Stigma buruk sebagai seorang narapidana merupakan beban yang sangat berat dan tetunya sulit
untuk ‘dihilangkan’ peran serta masyarakat dalam pengawasan dan penerimaan kembali para
narapidana sangat dibutuhkan guna mengembalikan keadaan mereka sebagai manusia yang
baik seutuhnya tanpa merendahkan martabat mantan narapidana . Padahal Jika bercermin dari
beberapa negara antara lain Belarus dalam hukum pidana nya menjelaskan bahwa
”protecting the life and health of the human being, his rights and freedoms, the constitutional
society, state and public interrests, property, the enviorenment and the establise law against
criminal encroachments”. “promote the prevention of criminal encroachments and contribute
to the education of citizens in the spirit of observance of the laws”

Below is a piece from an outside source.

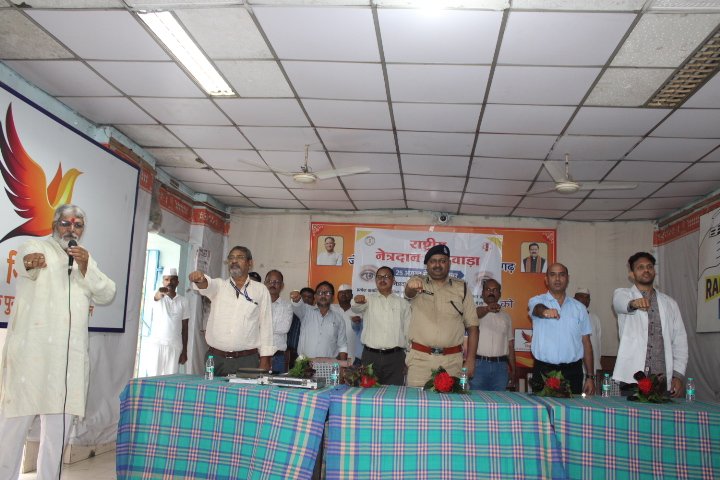 केंद्रीय जेल रायपुर में बंदियों के लिए लगा निःशुल्क नेत्र परीक्षण शिविर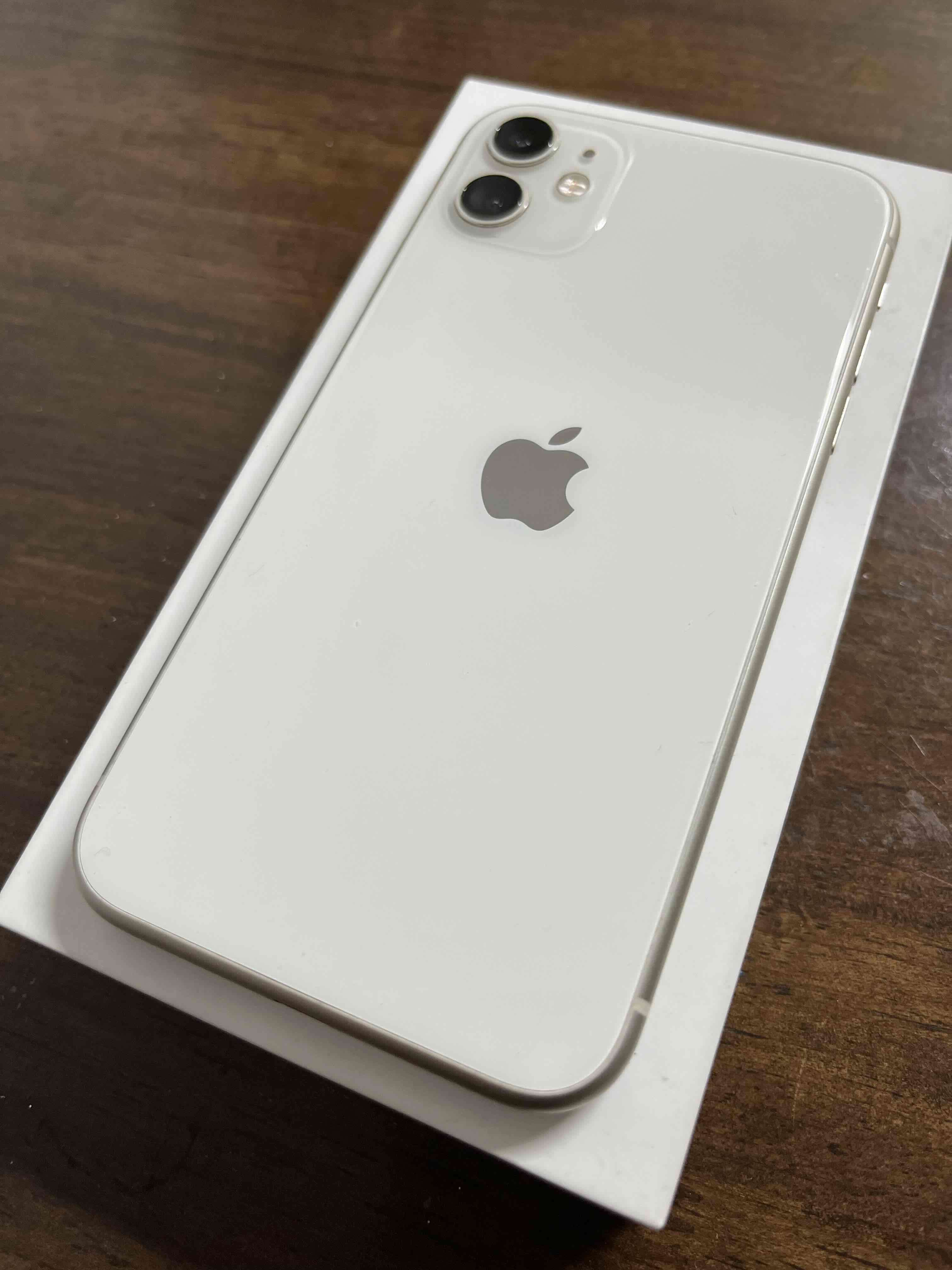 iPhone 11 64GB White en caja - miniatura 1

Pencegahan kejahatan dan mendidik ketaatan/kesadaran hukum warga masyarakat. Kemudian
jika mengacu pada Negara Yugoslavia yang mengatakan “strengthening the moral fibre of a
socialist society” adalah memperkuat akhlak moral masyarakat sosialis. Ini berarti Hukum
pidana dan Pemidanaan dijadikan sarana kebijakan untuk membangun dan memperkuat moral
masyarakat. Hal ini wajar karena hukum pidana pada dasarnya merupakan refleksi nilai-nilai
moral dan kultural yang ada di dalam masyarakat atau nilai yang dicita-citakan untuk dibangun
kembali.
Jika kita kaitkan dengan kondisi indonesia saat ini tujuan dari pemidanaan dan hukum pidana
pada hakekatnya untuk membangun dan memperkuat nilai moral masyarakat pancasila.
Mengacu pada pembukaan UUD 45 sebagaimana tujuan negara yaitu untuk melindungi
segenap bangsa indonesia. Dan untuk memajukan kesejahteraan umum berdasarkan pancasila.

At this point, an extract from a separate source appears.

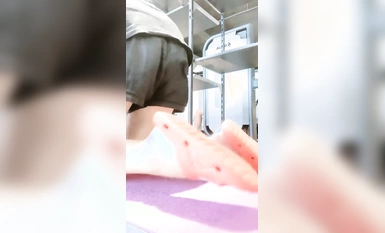 มันยิ่งบ้าคลั่งมากขึ้นเรื่อยๆ [ตุ๊กตาแมวน้อย] นักเรียนสาวจีคัพ แอบถ่ายในยิม กลับบ้าน เปลือยตรงปล่องบันได (2)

Mengacu pada kedua kata kunci diatas identik dengan istilah yang dikenal dalam dunia
keilmuan dengan sebutan “social defence” dan “social welfare” yang memperlihatkan
keseimbangan pembangunan nasional . untuk membangun sikap yang patut terhadap aturan
hidup bermasyarakat “ to developan appropriate attitude towards rules of social cohabitation”
(untuk mengembangkan sikap yang tepat terhadap aturan hidup bersama masyarakat) atau poin
pentingnya mengembalikan narapidana ke kehidupan bermasyarakat yang patuh.